La tendenza che tutti dovremmo avere a guardarci alle spalle per migliorare il nostro presente, può giovare in moltissime situazioni, dalle più piccole e comuni, a quelle tanto grandi da potersi considerare apocalittiche.
[ant_dx]Questo decennio, probabilmente questo secolo, sarà senza dubbio segnato da un avvenimento, per noi completamente inaspettato, ma per la nostra terra vecchio e conosciuto, come un buon libro che rileggi per l’ennesima volta. L’11 marzo 2020 l’Europa ha dichiarato l’allerta per una pandemia mondiale. Il coronavirus, un nemico silenzioso che poche settimane prima si era divertito a giocare con le vite dei nostri cugini asiatici e che noi spesso, sciocchi e imprudenti, abbiamo deriso, in quel momento è diventato un mostro tanto forte e grande da minacciare tutto il globo. Lo stesso globo che però, come ho già detto, di malattie infestanti ne ha conosciute eccome.
Tra il 1918 ed il 1920, in un freschissimo dopoguerra, la Spagnola, un’influenza mortale dal quasi ossimorico nome allegro e seducente, ha ucciso decine di milioni di persone, arrivando ad infettare cinquecento milioni di uomini e donne di tutti i continenti. Correndo più a ritroso su un’oscura linea del tempo incontriamo, robusta e imponente, la peste del ‘300. Nobile scenografia per il Decameron di Boccaccio, venne affiancata dall’aggettivo “nera” per via di uno dei tanti sintomi che causava, ovvero la comparsa di macchie scure e livide di origine emorragica che si manifestavano sulla cute e le mucose dei malati. Fu causa di un devastante calo demografico e provocò un numero così elevato di morti da dimezzare la popolazione europea. Proprio come il nostro Covid, anche l’epidemia della peste nacque in Asia e giunse fino ad occidente tramite i topi e le navi da commercio. La peste nera ebbe un forte impatto nella società del tempo. La popolazione in cerca di spiegazioni e rimedi arrivò talvolta a ritenere responsabili del contagio gli ebrei, causando una forte discriminazione, come purtroppo è successo anche quest’anno, nei confronti del popolo occidentale, quando troppe persone hanno usato questa malattia come scusa per sfogare la propria xenofobia. Lontana antenata di questa epidemia fu l’omonima peste che durante il secondo anno della guerra in Peloponneso, colpì la città-stato di Atene.

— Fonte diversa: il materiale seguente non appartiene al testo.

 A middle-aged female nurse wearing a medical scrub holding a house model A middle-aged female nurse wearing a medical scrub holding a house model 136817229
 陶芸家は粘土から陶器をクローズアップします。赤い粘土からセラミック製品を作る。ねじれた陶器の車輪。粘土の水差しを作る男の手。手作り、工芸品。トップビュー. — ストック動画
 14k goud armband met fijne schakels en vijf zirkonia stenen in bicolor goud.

Questo costrinse la remota capitale a combattere contemporaneamente due battaglie. Oltre a quelle inscenate nel Peloponneso, fino ad allora molto favorevoli per gli ellenici, infatti, la malattia devastò completamente la popolazione ormai più che spaventata. Tucidide, nel 430 a.C. scrisse le seguenti parole: “La paura della peste distrusse Atene, non la peste”.
Bene, è a queste parole che dovremmo rifarci. Abbattere completamente la campana di vetro sotto la quale Machiavelli ha posto la storia ed immedesimarci completamente in Tucidide.

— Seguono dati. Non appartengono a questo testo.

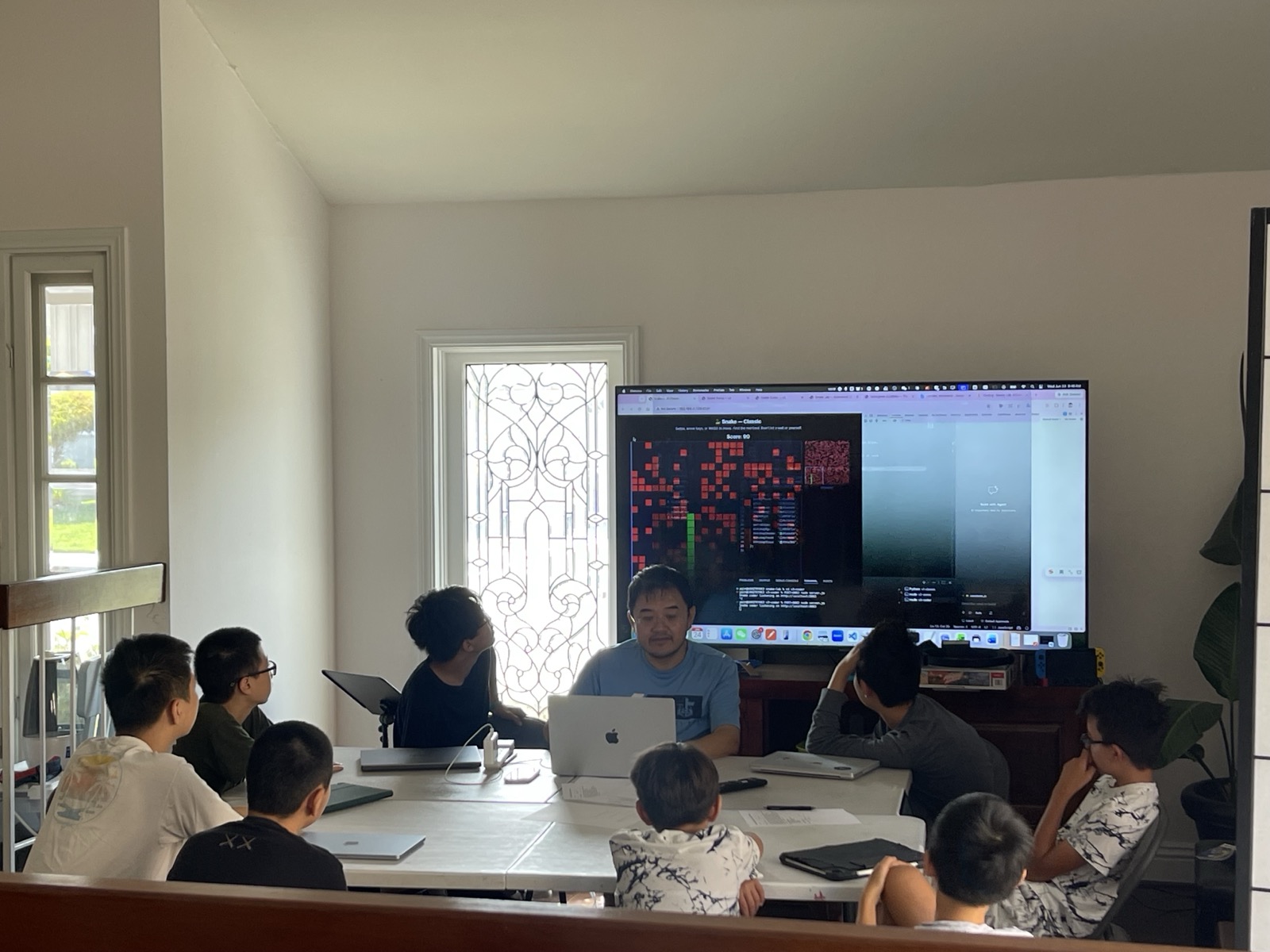 Campers watching a Snake game run on the big screen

Oggi, all’alba di una seconda ondata di Covid, con l’avvento di un anno scolastico scomodo che ci vedrà fare avanti e indietro tra i banchi di scuola e lo schermo di un computer, dovremmo riuscire a trovare la forza. Sono mesi che combattiamo un nemico che ormai consociamo come se fosse a noi caro e a questo punto non dobbiamo lasciarci travolgere dalla paura. È giusto continuare a temerlo, sarebbe da incoscienti e imprudenti non farlo, ma non dobbiamo fare in modo che questo lieve tremore diventi uno spasmo, che il nostro spago diventi angoscia. È una realtà con la quale siamo costretti a fare i conti, un virus che per ora non possiamo uccidere ma con il quale dobbiamo convivere, anzi, vivere. Per evitare che l’Italia e il mondo interno non vengano distrutti né dal coronavirus né dalla paura di questo.